Another note is that when greens keepers aerate generally will roll for a few days after- this allows the turf to get back down to a regular Matt to avoid scalping of a lifted area of turf around the aeration hole. Although rolling is now fairly common daily the tufts the metal spikes caused would be scalped at a regular course. PGA players need not worry as though greens are generally very firm and they all walk very respectfully while on a green with no twisting and turning.
Darwin responded: There was no agronomic advantage to metal spikes at all in my opinion The advantage perhaps lies with the golfer in stance grip but I would say that’s debatable to some of the cleat designs that are available.

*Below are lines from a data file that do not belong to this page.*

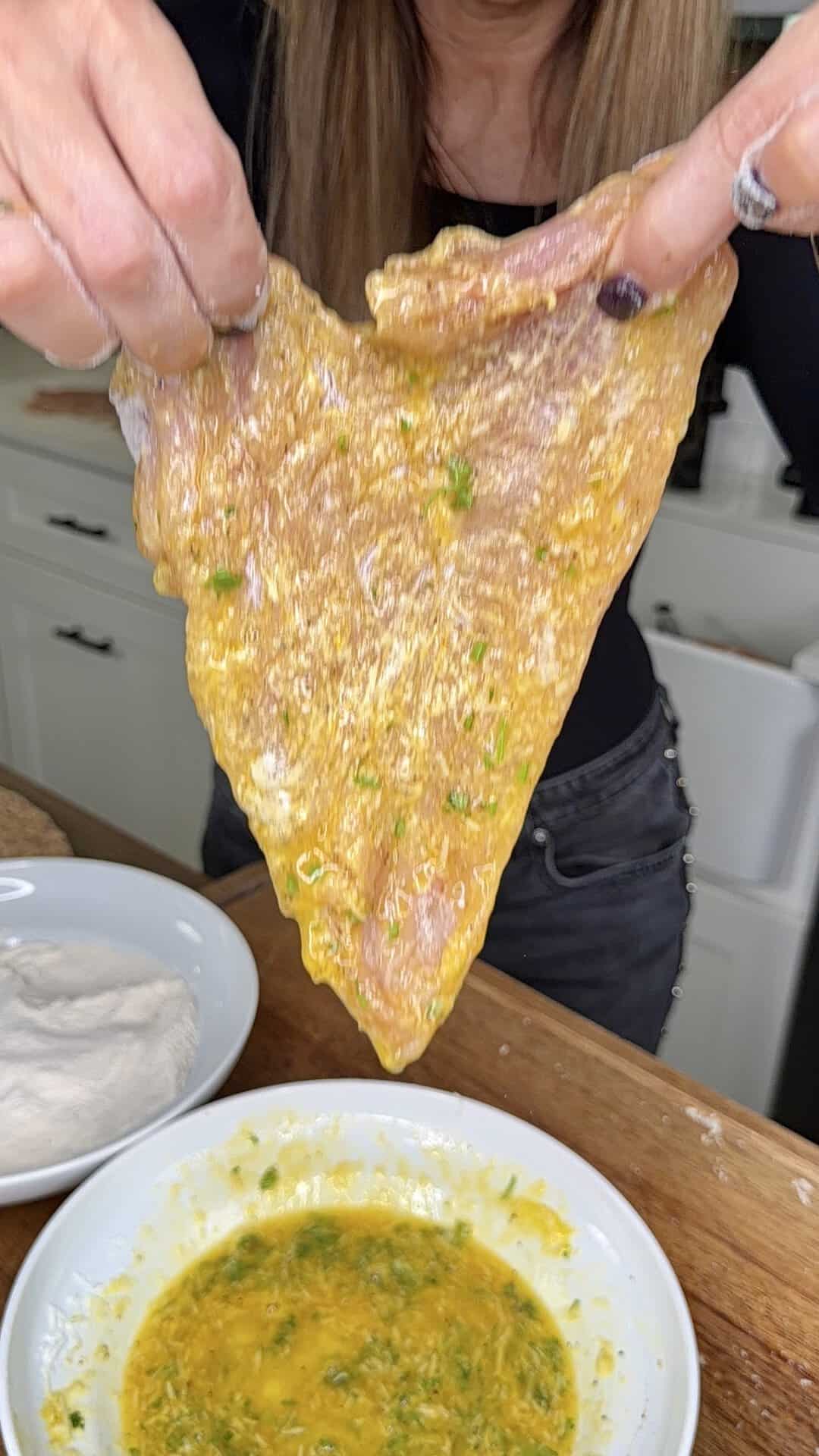 A person holds up a piece of raw, seasoned meat coated in an egg and herb mixture over a bowl, preparing to bread it in a kitchen.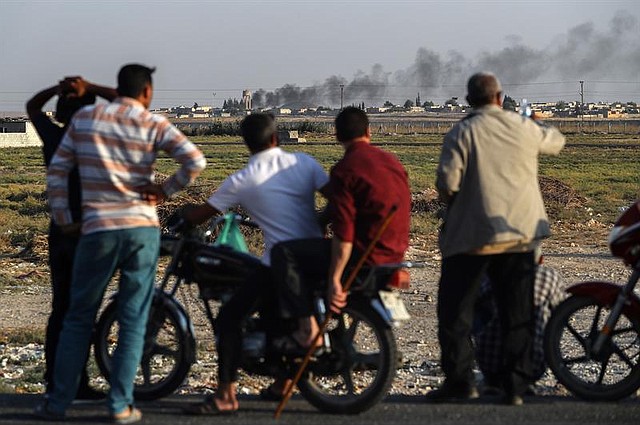 CONFLICTO. Varias personas observan la frontera turco-siria mientras el humo se eleva desde objetivos dentro de Siria. Vista desde el distrito de Akcakale en Sanliurfa, Turquía, el 13 de octubre de 2019. | Foto: Efe.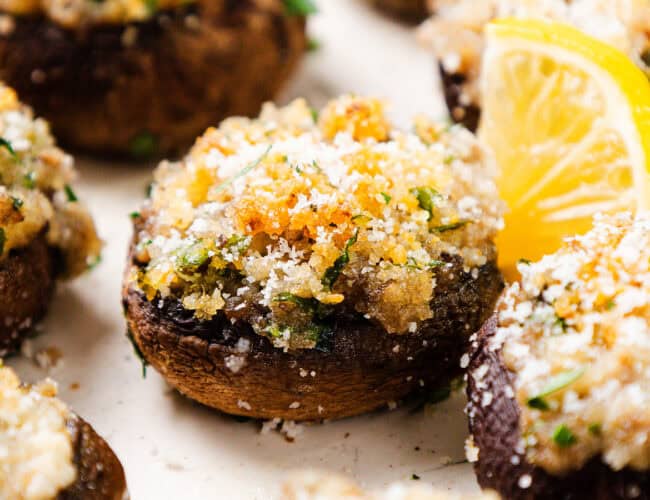 Stuffed mushrooms topped with breadcrumbs and herbs are garnished with parsley and a slice of lemon on the side, making them an ideal party food. Perfect for New Year's festivities, this baked dish boasts a crispy golden-brown crust that pairs wonderfully with various dips.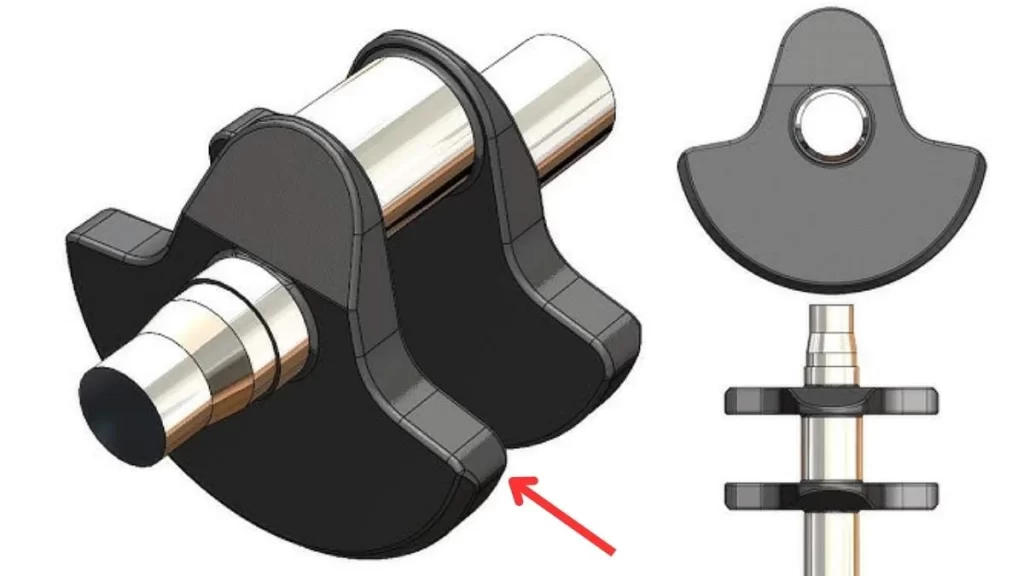 The image shows the counterweights of a crankshaft, designed to balance the rotating assembly.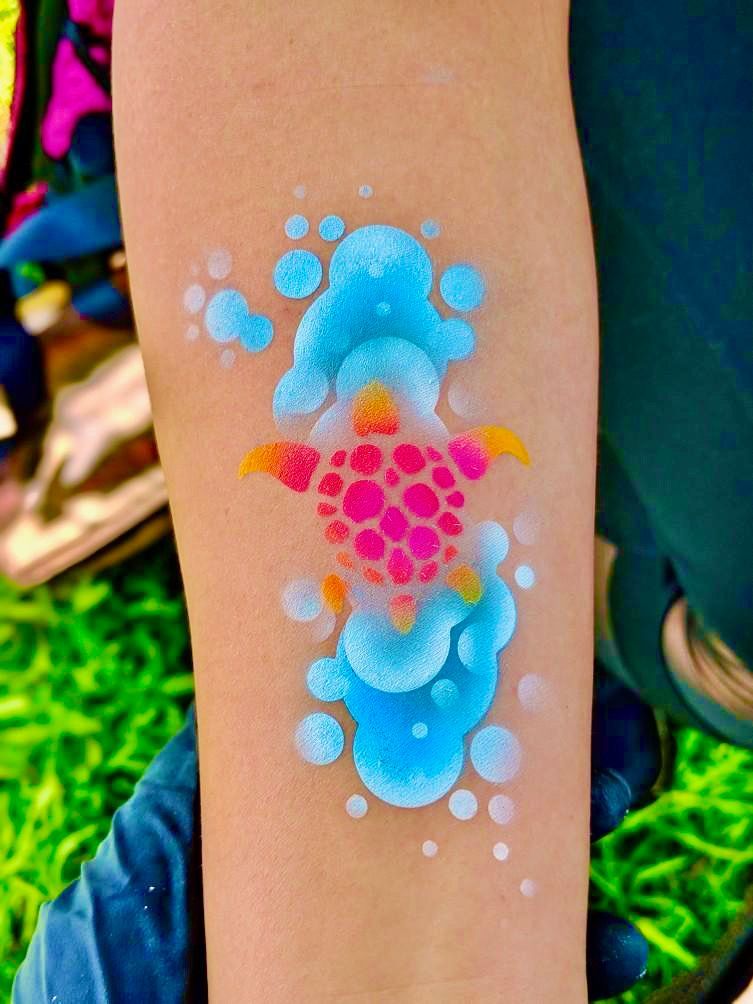 A person has a turtle painted on their arm.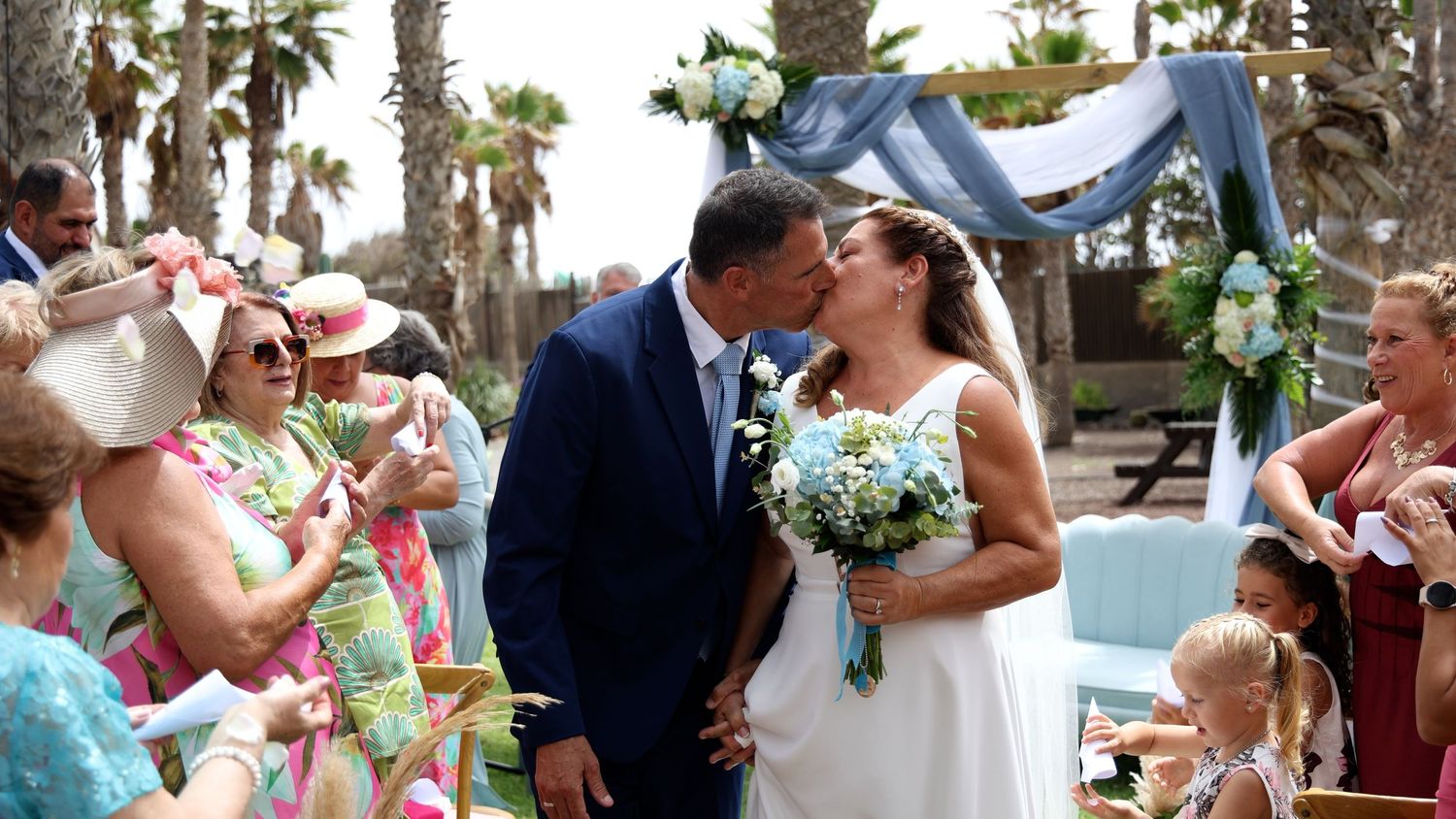 Tropical beach wedding celebration with palm trees and festive decorations.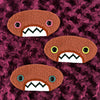 Three plush, orange, oval-shaped patches with jagged mouths and colorful eyes are set against a textured, burgundy background resembling fur.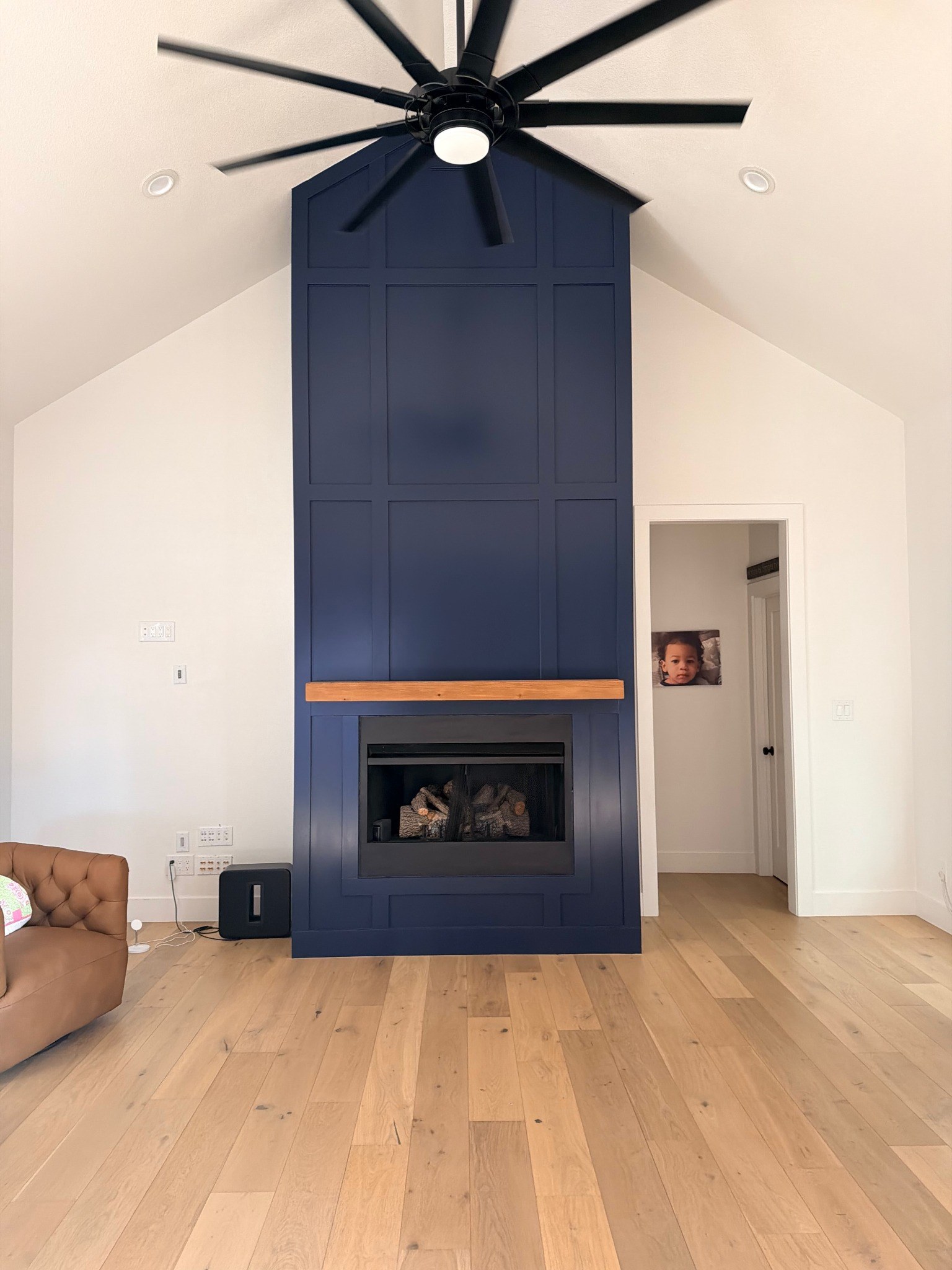 Finished navy paneled fireplace wall with wood mantel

As you can see, the myth that steel spikes helps the greens is baseless. They do not help with the care and maintenance of the course. And in fact cause more damage to the greens. I am not surprised and it makes sense that these little metal rods would cause more damage if golfers did not lift their feet or decided to twist and turn on the short grass.
The change to soft spikes appears to be a good idea and if it helps with care and maintenance of the greens, I fully support it. The myth of aeration by steel spikes is not debunked!
I am a grateful golfer! See you on the links!